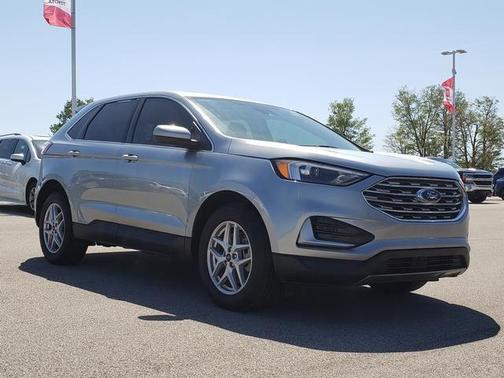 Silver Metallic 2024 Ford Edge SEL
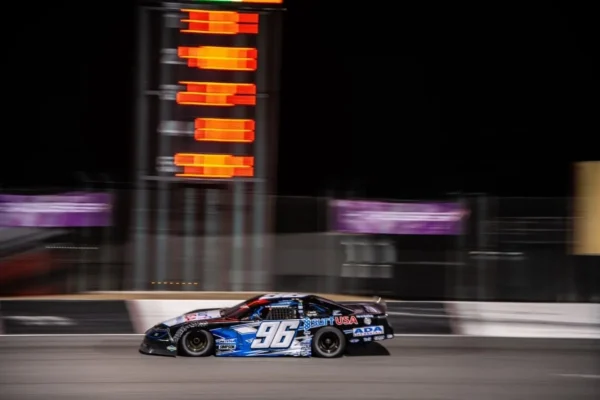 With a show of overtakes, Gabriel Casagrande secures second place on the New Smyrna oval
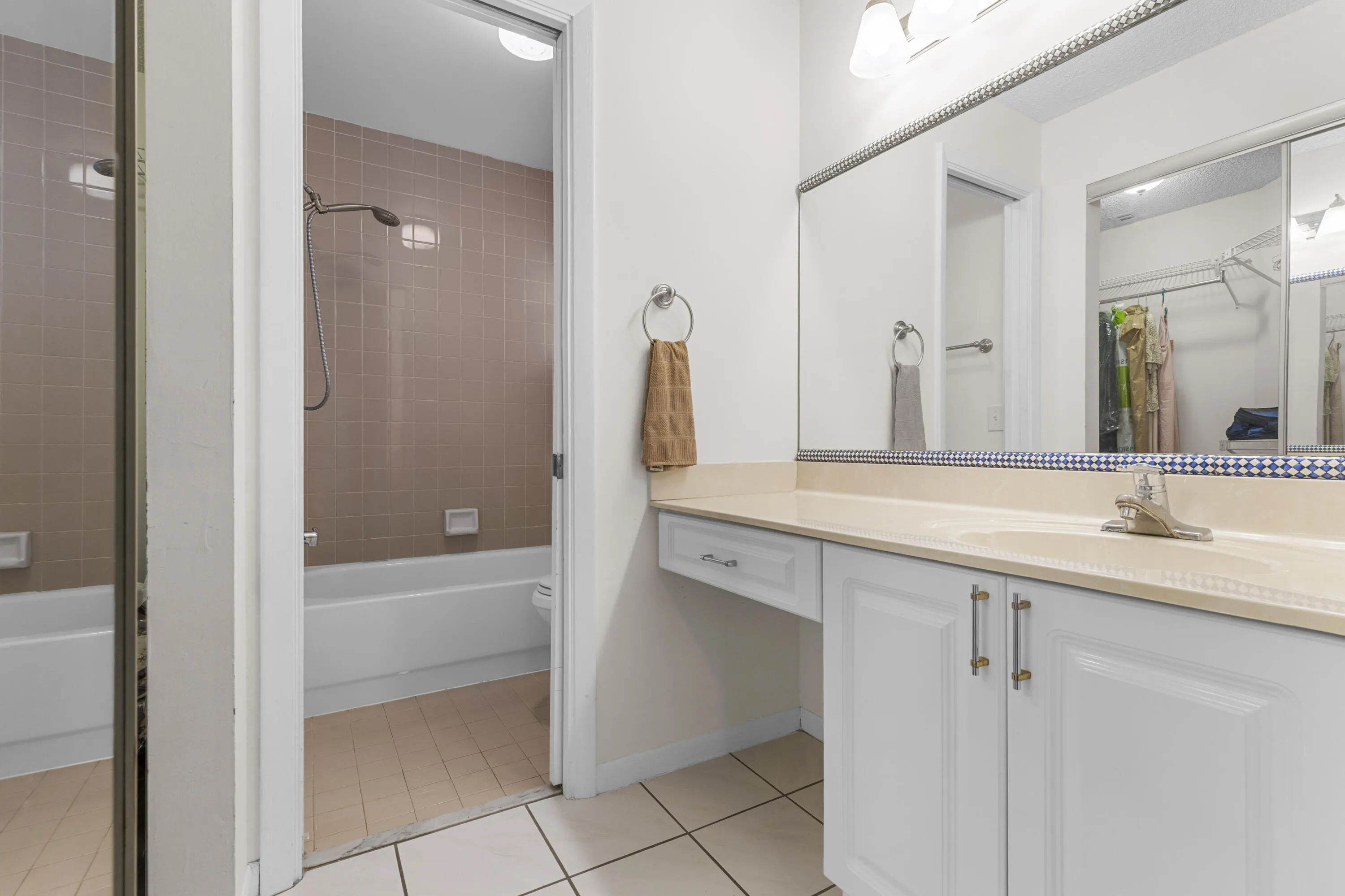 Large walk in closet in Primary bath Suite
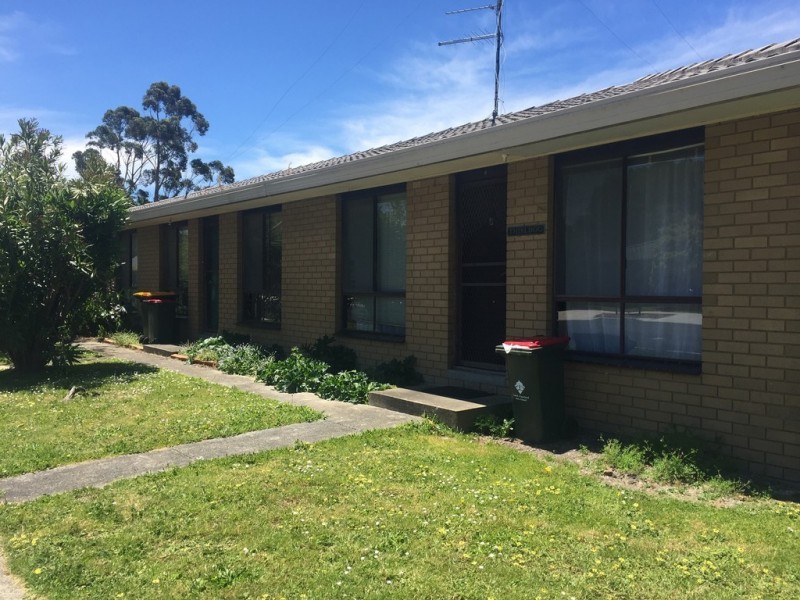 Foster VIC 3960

---

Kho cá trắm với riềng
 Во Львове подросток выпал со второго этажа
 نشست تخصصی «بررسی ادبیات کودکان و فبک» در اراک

--

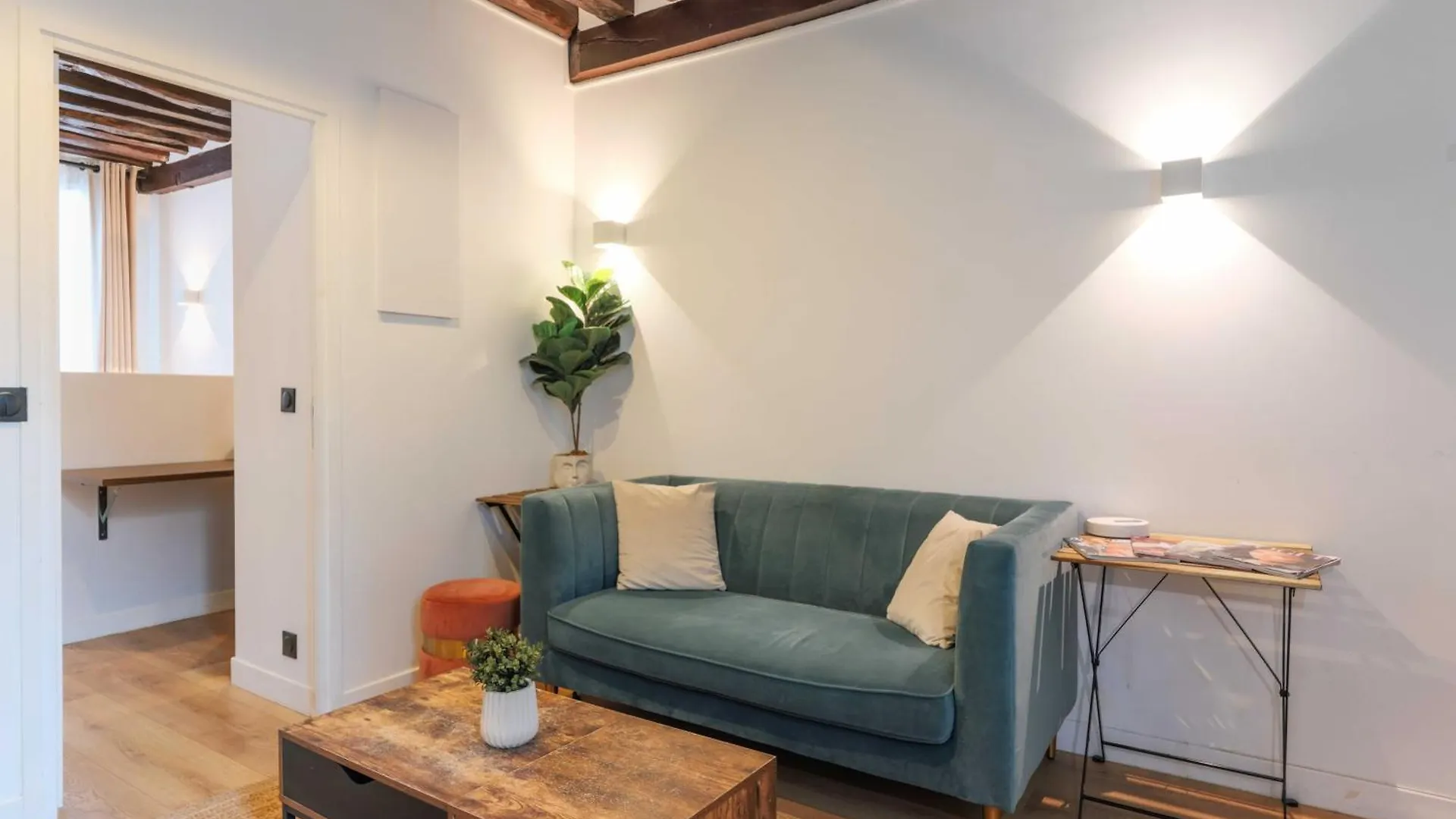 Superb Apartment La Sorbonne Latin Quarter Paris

Description of the task
The result should be an exact copy of only the lines above from the one that holds "Silver Metallic 2024 Ford Edge SEL" through the one that holds "Foster VIC 3960", both ends included, without pictures.

Task solution
 Silver Metallic 2024 Ford Edge SEL
 With a show of overtakes, Gabriel Casagrande secures second place on the New Smyrna oval
 Large walk in closet in Primary bath Suite
 Foster VIC 3960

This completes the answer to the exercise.